Mishra Dhatu Nigam Ltd (MIDHANI), a public sector company in India's strategic materials industry, is strategically positioned for sustained growth, according to SEBI-registered analyst Adarsh Nimborkar.

The company dominates the titanium-based materials market while delivering specialized alloys and superalloys to defense, aerospace, and nuclear energy sectors.

At the time of writing, shares of MIDHANI were trading at ₹341.40, up 3.5% on the day.

According to Nimborkar, MIDHANI's performance will be driven by its strong order book, long-term contracts from DRDO, ISRO, and HAL, and support from India's "Make in India" policy and defense indigenization initiatives. 

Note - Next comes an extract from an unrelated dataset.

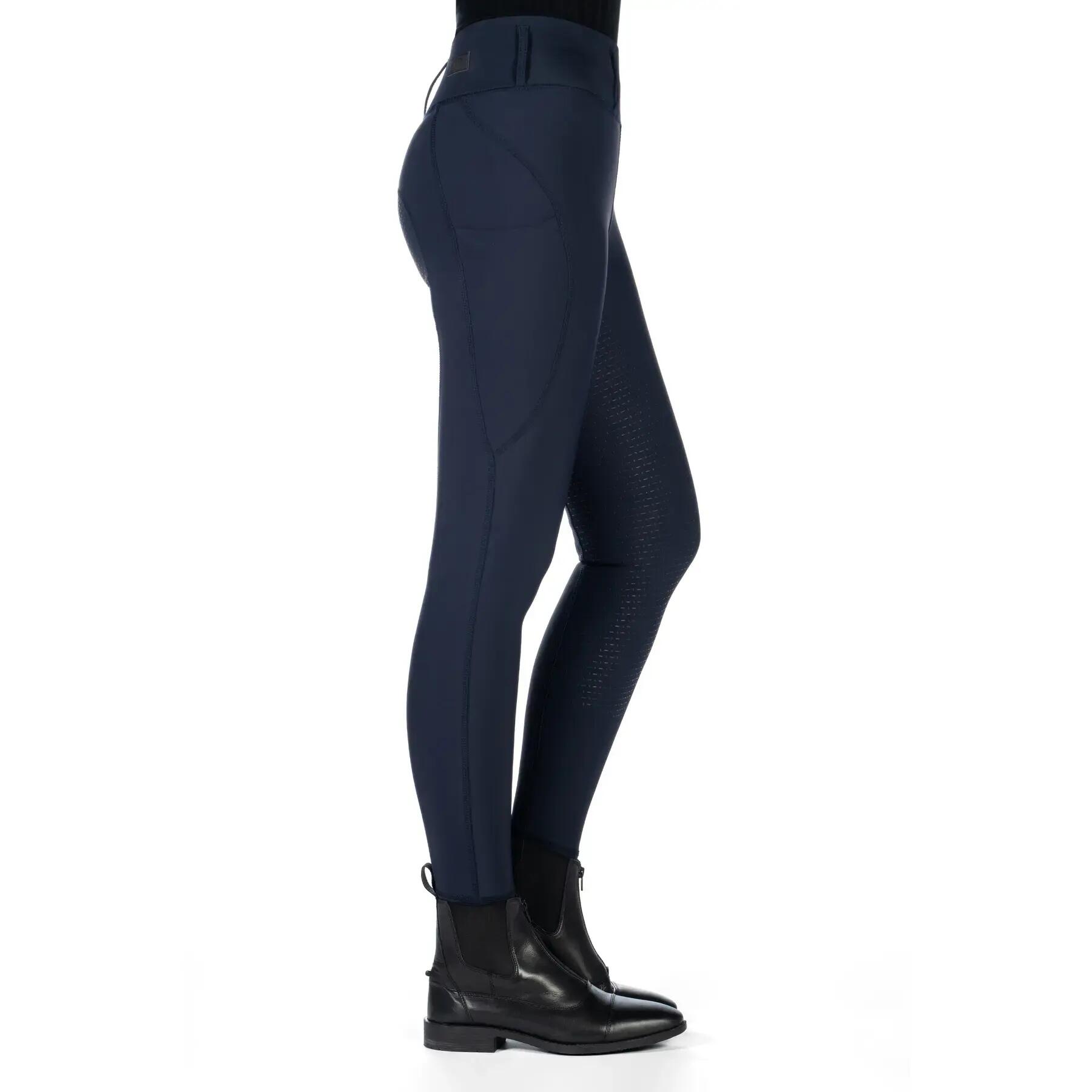 Legging de equitación full grip mujer HKM Jil High Waist 3/5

The company expanded its global operations by focusing on Europe and the Middle East growth.

According to financial reports for FY2023–FY2024, MIDHANI generated revenues between ₹800 and  ₹1,000 crore and achieved net profits ranging from ₹175 to 200 crore. 

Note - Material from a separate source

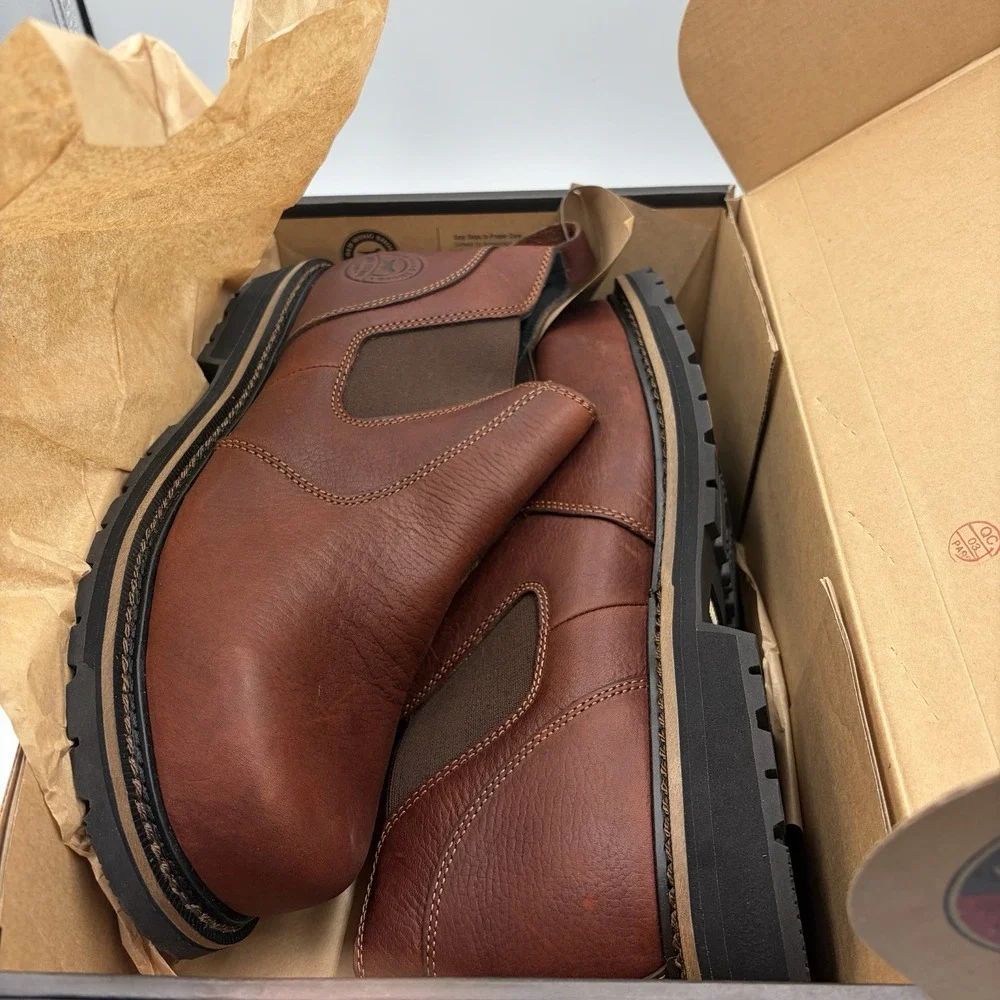 RED Wing Shoes Irish Setter 83300 Safety Toe Leather Work Romeo Cass Boots Sz 12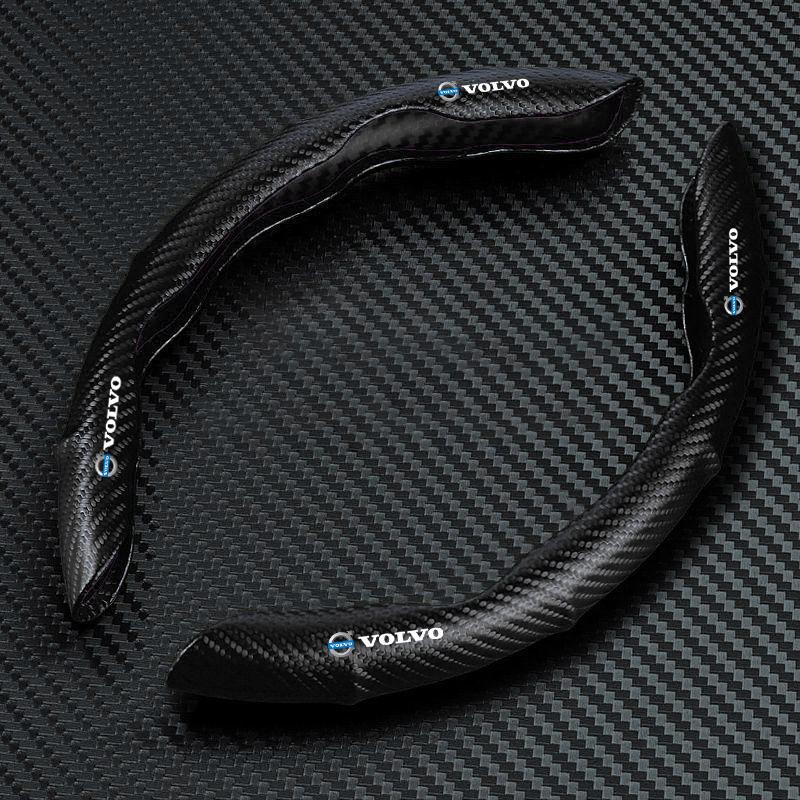 Non-Slip Universal Carbon Fiber Car Steering Wheel Cover For Volvo Rdesign XC90 S60 XC60 V70 S80 S40 V50 V40 V60 C30 S70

The firm maintained a debt-equity ratio of 0.33 while achieving a ROCE of 9.4%. Even with its price-to-earnings ratio at 64.5, which surpasses the industry average, the stock continues to appeal to investors with a long-term horizon.

The stock price remains above the 200-day moving average of ₹308 and the 50-day moving average of ₹324. 

Nimborkar MIDHANI has reached overbought conditions, indicated by an RSI of 77. This suggests short-term resistance at ₹375, while primary support exists at ₹340 and secondary support at ₹320.

The analyst warns investors about short-term volatility and consolidation while setting a medium-term price goal of ₹375, representing a 9–10% increase. 

He expects long-term investors to gain from a rally to ₹480, representing a 40% increase from present levels, as the company remains supported by structural advantages in India's strategic manufacturing areas.

Nimborkar recommends that long-term investors purchase shares when prices drop to the range of ₹320–₹340.

On Stocktwits, retail sentiment was ‘bullish’ amid ‘normal’ message volume.

The stock has declined 0.1% so far in 2025.